Unternehmen und Kommunen protestieren

Gewerkschaften, Unternehmen und Gemeinden protestieren daher gegen die Sparmaßnahmen. Vertreter der Kommunalverwaltungen weisen darauf hin, dass die Haushaltskonsolidierung ihren Anteil an der Einkommensteuer senkt. Gleichzeitig müssten sie aber viele Ausgaben finanzieren, zum Beispiel höhere Gehälter von Lehrern, Ärzten. 

Auch die Wirtschaftslobby schlägt Alarm. Der Verband der Industrie- und Verkehrsverbände (APZD) wandte sich Anfang Oktober 2025 an die Presse, um seine Sorge vor neuen Steuern und Abgaben zu erklären. Wenn die Belastung anhalte, drohe eine weitere Abwanderung von Talenten nach Tschechien. Bis 2027 könnten deshalb bis zu 34.000 Arbeitsplätze gefährdet sein.

Der Verband fordert die Abschaffung der Transaktionssteuer, die Unternehmen für jede Kontobewegung zahlen müssen. Außerdem plädiert APZD für stärkere Sparanstrengungen des Staates.
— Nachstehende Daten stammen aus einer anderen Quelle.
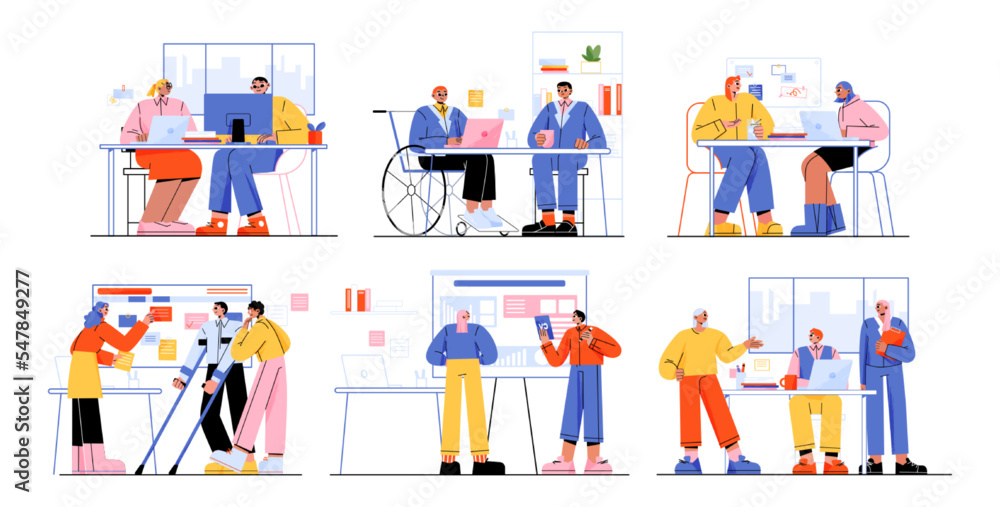 People discuss job in office, talk together on business meeting. Company team communication, employees conversation on workplace concept, vector flat illustration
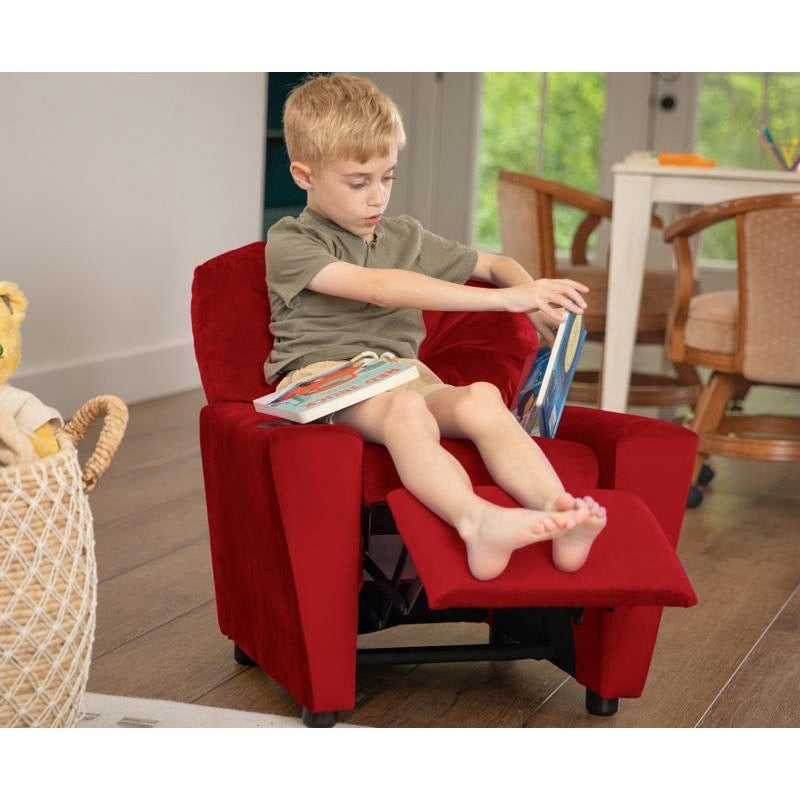 Red Microfiber Kids Recliner with Cup Holder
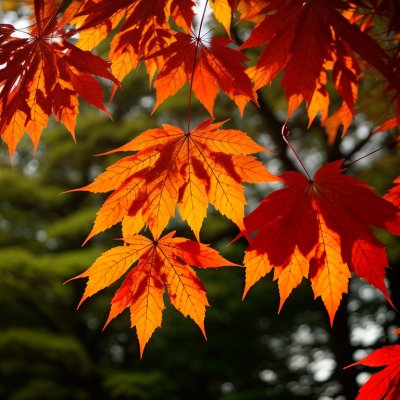 autumn, red leaves, japanese maple, natural landscape, green color, sunlight, autumn colors, deciduous tree, warmth, rustic, clear sky, seasonal change, outdoor, botany, tranquil, beauty of nature, bokeh effect, nature inspired, foliage, country life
Auch die deutsche Auslandshandelskammer in Bratislava kritisiert, dass der Schwerpunkt der Haushaltskonsolidierung wie im Vorjahr auf der Steigerung der Einnahmen liegt. "Ein Ansatz, Sparmaßnahmen bei den öffentlichen Ausgaben systematisch zu entwickeln, ist nicht erkennbar", sagt AHK-Geschäftsführer Trisciuzzi. Er vermisst außerdem einen Dialog mit den Sozialpartnern. "Aufgrund des beschleunigten Verfahrens vergingen von der erstmaligen Bekanntmachung der Konsolidierungsmaßnahmen bis hin zur Verabschiedung durch das Parlament gerade einmal zwei Wochen."

Haushaltsdefizit bleibt hoch

Parallel zum Konsolidierungspaket hat die Regierung den Haushaltsentwurf für 2026 vorgelegt, der am 21. Oktober 2025 vom Parlament angenommen wurde. Er sieht eine Neuverschuldung von 6 Milliarden Euro vor. Das sind 4,1 Prozent des Bruttoinlandsprodukts (BIP). Im laufenden Jahr 2025 soll der Fehlbetrag bei 5 Prozent liegen. Die Opposition kritisiert kostspielige Wahlgeschenke wie die 13. Rentenzahlung oder Subventionen beim Energiepreis. 

Der slowakische Rat für Haushaltsverantwortung (RRZ) bezweifelt, dass die Regierung 2026 ihr Ziel erreicht, das Defizit auf 4,1 Prozent zu senken. Das Expertengremium erwartet einen Fehlbetrag von 4,6 Prozent. Die Gesamtverschuldung könnte bis 2029 auf 70 Prozent steigen, falls die Staatsausgaben nicht gekürzt werden. Für eine Stabilisierung der Schuldenquote hält der RRZ weitere Konsolidierungsmaßnahmen von 3,8 Milliarden Euro für nötig.

Wie aktuelle Zahlen des Statistikamtes zeigen, kratzte die Slowakei schon 2024 hart an der Obergrenze, die Brüssel für die Gesamtverschuldung duldet. Die Schuldenlast betrug 59,7 Prozent des BIP. Spätestens 2025 dürfte dieser Wert überschritten werden. Das hängt auch damit zusammen, dass die Wirtschaft 2024 nicht, wie ursprünglich berechnet, um 2,1 Prozent stieg, sondern nur um 1,9 Prozent.